Longitude (λ) Map of Earth Appear curved and vertical in this projection, but are actually halves of great circles. Appear straight and horizontal in this projection, but are actually circular with different radii. All locations with a given latitude are collectively referred to as a circle of latitude. The equator divides the planet into a Northern Hemisphere and a Southern Hemisphere, and has a latitude of 0°.
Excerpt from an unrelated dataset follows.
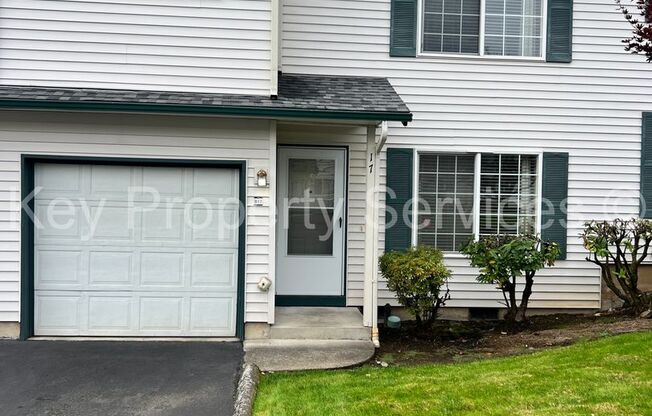 Updated Hazel Dell Townhouse!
Longitude, sometimes denoted by the Greek letter λ (lambda),[1][2] describes the location of a place on Earth east or west of a north-south line called the Prime Meridian. Longitude is given as an angular measurement ranging from 0° at the Prime Meridian to +180° eastward and −180° westward. Unlike latitude, which has the equator as a natural starting position, there is no natural starting position for longitude. Therefore, a reference meridian had to be chosen. While British cartographers had long used the Greenwich meridian in London, other references were used elsewhere, including: El Hierro, Rome, Copenhagen, Jerusalem, Saint Petersburg, Pisa, Paris, Philadelphia and Washington. In 1884, the International Meridian Conference adopted the Greenwich meridian as the universal prime meridian or zero point of longitude.
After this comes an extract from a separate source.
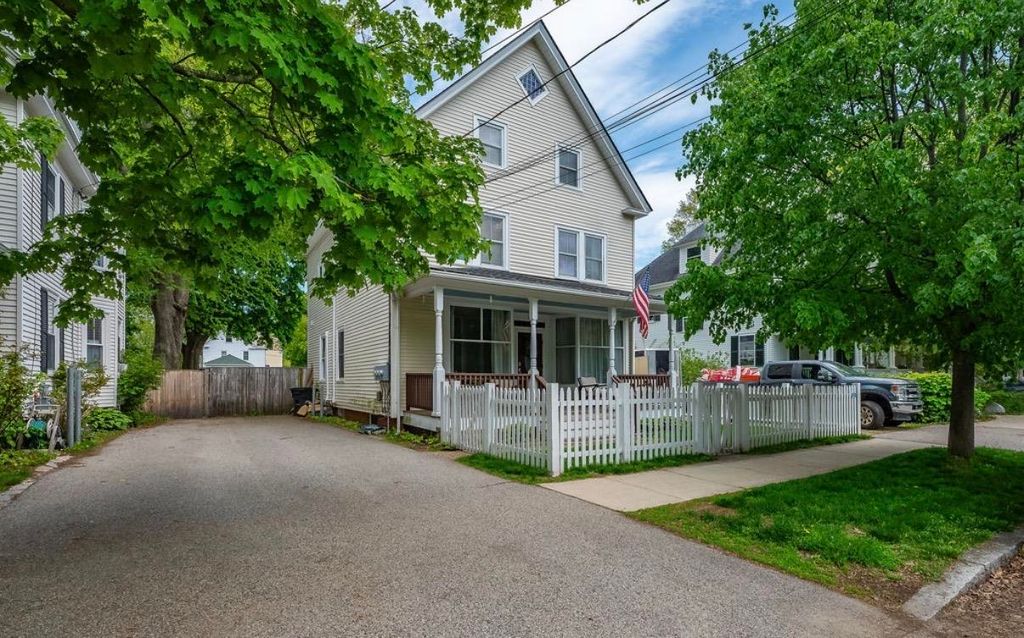 Photo of 301 Richards Avenue, Portsmouth, NH 03801 (MLS # 5090000)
Each degree of longitude is further sub-divided into 60 minutes, each of which divided into 60 seconds. A longitude is thus specified as 23° 27′ 30" E. For high accuracy, the seconds are specified with a decimal fraction. An alternative representation uses degrees and minutes, where parts of a minute are expressed as a decimal fraction, thus: 23° 27.500′ E. Degrees may also be expressed as a decimal number: 23.45833° E. Sometimes, the West/East suffix is replaced by a negative sign for West. Confusingly, the convention of negative for East is also sometimes seen. The preferred convention that East is positive is consistent with a right-handed Cartesian coordinate system with the North Pole up.

A specific longitude may then be combined with a specific latitude to give a precise position on the Earth's surface.
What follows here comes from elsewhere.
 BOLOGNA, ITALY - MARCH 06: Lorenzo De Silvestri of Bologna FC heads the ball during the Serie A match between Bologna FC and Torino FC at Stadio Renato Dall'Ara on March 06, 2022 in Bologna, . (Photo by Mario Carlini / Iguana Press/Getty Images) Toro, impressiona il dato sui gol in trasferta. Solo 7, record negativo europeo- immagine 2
As opposed to a degree of latitude, which always corresponds to exactly sixty nautical miles or about 111 km (69 statute miles, each of 5280 feet), a degree of longitude corresponds to a distance that varies from 0 to 111 km: it is 111 km times the cosine of the latitude, when the distance is laid out on a circle of constant latitude; if the shortest distance, on a great circle were used, the distance would be even a little less. More precisely, one degree of longitude = (111.320 + 0.373sin²φ)cosφ km, where φ is latitude).[3]

Longitude at a point may be determined by calculating the time difference between that at its location and Coordinated Universal Time (UTC). Since there are 24 hours in a day and 360 degrees in a circle, the sun moves across the sky at a rate of 15 degrees per hour (360°/24 hours = 15° per hour). So if the time zone a person is in is three hours ahead of UTC then that person is near 45° longitude (3 hours × 15° per hour = 45°). The word near was used because the point might not be at the center of the time zone; also the time zones are defined politically, so their centers and boundaries often do not lie on meridians at multiples of 15°. In order to perform this calculation, however, a person needs to have a chronometer (watch) set to UTC and needs to determine local time by solar observation or astronomical observation. The details are more complex than described here: see the articles on Universal Time and on the Equation of time for more details.

A line of constant longitude is a meridian, and half of a great circle.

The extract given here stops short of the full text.